Cabe a ressalva de que a contratação de trabalhador brasileiro por empresa estrangeira para trabalhar no exterior fica condicionada à autorização do Ministério do Trabalho e Previdência, devendo a empresa contratante preencher uma série de requisitos relacionados à sua existência jurídica, além da comprovação de sociedade com pessoa jurídica domiciliada no Brasil (mínimo 5% do capital social).

XVI
Repouso semanal remunerado e pagamento de salário nos feriados

Buscando esclarecer quaisquer questões relativas à remuneração em feriados e repouso semanal, o Marco Regulatório dispôs um capítulo próprio sobre o tema.

Como se sabe, o descanso semanal remunerado deve ser de 24 horas consecutivas, preferencialmente aos domingos.

Para os estabelecimentos que funcionam aos domingos, será estabelecida uma escala mensal de revezamento e o empregado receberá pagamento em dobro, exceto se a empresa determinar outro dia de folga (folga compensatória).

O texto traz ainda uma modificação, reduzindo de 7 para 4 o limite de feriados locais declarados por Lei Municipal (art. 153, § único).

Ainda, em caráter excepcional, o Ministro do Trabalho e Previdência poderá autorizar o trabalho em data de repouso semanal ou feriado, desde que cumpridas as exigências técnicas e garantida a remuneração correspondente. (art. 154 e ss)

A propósito, a Lei 10.101/00 (que trata dos comerciários), define que o descanso semanal deve coincidir com os domingos pelo menos uma vez no período máximo de três semanas. Por analogia, a Justiça do Trabalho costuma aplicar essa regra para os demais setores.

XVII
Relação Anual de Informações Sociais – RAIS

A Relação Anual de Informações Sociais (RAIS) busca suprir a necessidade de controle do Estado, servindo de banco de dados para definição de pagamento do abono salarial, nos termos do disposto na Lei nº 7.998, de 11 de janeiro de 1990.

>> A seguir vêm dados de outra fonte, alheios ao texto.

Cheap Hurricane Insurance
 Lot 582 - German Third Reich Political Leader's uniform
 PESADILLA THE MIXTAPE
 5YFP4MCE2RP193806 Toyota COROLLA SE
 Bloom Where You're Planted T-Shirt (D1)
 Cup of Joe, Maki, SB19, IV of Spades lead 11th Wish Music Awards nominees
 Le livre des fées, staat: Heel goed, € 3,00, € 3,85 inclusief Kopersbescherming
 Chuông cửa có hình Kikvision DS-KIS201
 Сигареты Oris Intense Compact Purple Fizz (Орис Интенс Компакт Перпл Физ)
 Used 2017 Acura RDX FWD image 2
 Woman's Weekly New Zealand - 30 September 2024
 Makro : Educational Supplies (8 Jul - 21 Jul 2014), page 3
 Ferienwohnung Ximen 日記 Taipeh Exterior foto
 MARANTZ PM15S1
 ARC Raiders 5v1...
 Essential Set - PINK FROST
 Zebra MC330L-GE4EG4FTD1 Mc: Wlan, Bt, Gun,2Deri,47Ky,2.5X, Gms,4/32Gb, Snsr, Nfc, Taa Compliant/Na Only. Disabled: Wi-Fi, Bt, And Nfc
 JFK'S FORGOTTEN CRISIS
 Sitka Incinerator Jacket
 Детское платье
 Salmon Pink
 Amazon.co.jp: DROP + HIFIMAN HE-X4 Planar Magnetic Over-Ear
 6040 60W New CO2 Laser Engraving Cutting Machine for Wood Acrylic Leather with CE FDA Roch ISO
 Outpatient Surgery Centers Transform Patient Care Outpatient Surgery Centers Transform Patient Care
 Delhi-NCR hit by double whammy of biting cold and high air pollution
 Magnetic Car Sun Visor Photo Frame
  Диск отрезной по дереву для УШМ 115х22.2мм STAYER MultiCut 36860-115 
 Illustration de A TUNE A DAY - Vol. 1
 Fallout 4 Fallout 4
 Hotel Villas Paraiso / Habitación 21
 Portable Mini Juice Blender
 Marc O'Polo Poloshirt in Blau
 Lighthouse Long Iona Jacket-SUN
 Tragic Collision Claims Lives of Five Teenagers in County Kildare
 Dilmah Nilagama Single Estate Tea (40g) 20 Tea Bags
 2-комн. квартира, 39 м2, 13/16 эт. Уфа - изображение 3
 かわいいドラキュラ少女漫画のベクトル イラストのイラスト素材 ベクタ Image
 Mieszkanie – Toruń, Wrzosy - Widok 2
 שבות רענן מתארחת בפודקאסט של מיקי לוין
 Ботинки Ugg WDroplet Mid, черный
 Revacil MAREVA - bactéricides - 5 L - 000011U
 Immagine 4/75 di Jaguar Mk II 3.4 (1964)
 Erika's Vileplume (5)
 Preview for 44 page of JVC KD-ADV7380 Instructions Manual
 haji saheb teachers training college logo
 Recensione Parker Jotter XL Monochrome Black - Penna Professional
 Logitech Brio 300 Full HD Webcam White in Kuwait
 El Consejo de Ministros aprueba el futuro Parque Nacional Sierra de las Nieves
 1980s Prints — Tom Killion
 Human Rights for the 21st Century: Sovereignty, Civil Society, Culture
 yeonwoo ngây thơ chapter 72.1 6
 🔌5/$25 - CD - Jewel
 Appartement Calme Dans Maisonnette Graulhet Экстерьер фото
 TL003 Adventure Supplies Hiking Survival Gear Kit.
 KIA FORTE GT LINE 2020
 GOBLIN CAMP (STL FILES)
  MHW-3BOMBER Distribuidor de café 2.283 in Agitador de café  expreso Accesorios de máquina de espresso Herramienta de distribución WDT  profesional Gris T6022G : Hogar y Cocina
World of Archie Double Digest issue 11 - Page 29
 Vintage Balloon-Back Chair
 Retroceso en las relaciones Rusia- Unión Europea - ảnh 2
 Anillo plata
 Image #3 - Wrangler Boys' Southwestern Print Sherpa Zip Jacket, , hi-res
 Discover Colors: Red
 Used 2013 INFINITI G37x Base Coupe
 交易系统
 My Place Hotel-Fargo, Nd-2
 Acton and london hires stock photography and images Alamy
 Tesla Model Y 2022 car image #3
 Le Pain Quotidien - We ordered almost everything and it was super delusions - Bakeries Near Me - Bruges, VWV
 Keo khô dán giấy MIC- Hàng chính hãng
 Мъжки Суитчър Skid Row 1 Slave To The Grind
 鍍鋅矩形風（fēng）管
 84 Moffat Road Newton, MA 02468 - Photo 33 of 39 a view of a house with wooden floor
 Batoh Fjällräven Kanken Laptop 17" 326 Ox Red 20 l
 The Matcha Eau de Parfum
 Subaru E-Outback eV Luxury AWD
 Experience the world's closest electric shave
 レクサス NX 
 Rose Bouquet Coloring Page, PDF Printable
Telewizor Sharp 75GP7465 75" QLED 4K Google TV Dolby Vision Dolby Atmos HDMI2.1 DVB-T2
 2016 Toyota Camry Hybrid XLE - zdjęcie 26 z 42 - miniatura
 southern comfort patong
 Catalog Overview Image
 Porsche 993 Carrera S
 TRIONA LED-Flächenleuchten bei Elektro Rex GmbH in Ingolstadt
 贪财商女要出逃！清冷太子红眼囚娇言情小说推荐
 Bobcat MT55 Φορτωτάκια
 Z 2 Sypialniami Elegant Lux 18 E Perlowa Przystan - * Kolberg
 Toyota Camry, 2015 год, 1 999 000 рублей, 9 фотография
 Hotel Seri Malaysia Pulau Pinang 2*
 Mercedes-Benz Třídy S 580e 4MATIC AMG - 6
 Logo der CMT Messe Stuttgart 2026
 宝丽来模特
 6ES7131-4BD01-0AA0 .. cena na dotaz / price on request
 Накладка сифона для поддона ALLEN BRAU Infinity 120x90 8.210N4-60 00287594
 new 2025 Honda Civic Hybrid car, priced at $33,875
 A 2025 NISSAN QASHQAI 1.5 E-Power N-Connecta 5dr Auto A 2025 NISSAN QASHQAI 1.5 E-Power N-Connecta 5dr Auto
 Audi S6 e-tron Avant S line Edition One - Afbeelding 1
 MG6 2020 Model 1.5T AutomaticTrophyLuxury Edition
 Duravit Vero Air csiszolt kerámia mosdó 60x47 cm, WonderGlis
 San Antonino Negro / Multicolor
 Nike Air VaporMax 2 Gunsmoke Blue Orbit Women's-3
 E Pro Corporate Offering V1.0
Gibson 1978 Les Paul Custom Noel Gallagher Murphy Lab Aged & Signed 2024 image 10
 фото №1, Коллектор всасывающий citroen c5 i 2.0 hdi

As informações que integraram a RAIS serão prestadas por pessoas físicas, que tenham mantido empregados contratados, com exceção de empregado doméstico, ou pessoas jurídicas, inscritas no CNPJ da Secretaria Especial da Receita Federal do Brasil do Ministério da Economia.

A RAIS conterá as informações solicitadas pelo Ministério do Trabalho e Previdência, sobre PIS/PASEP, nacionalização do trabalho, FGTS, além da coleta de dados para subsidiar estudos técnicos, de natureza estatística.

XVIII
Programa de Alimentação do Trabalhador – PAT

Visando a melhor qualidade de vida e nutricional dos trabalhadores, o Marco Regulatório buscou regulamentar o Programa de Alimentação do Trabalhador (PAT), que consiste na opção da empresa em manter serviço próprio de refeições, distribuir alimentos ou firmar contrato com entidades de alimentação coletiva.

Para usufruir dos benefícios fiscais relacionados ao PAT, a pessoa jurídica deverá fazer sua inscrição junto ao Ministério do Trabalho e Previdência.

A gestão do PAT será compartilhada entre o Ministério do Trabalho e Previdência, a Secretaria Especial da Receita Federal do Brasil e o Ministério da Saúde.

Um ponto que merece destaque é a busca por atender prioritariamente os trabalhadores de baixa renda, podendo o programa se estender aos demais trabalhadores, caso haja o interesse mútuo, conforme disposto no art. 171 do Marco Regulatório Trabalhista.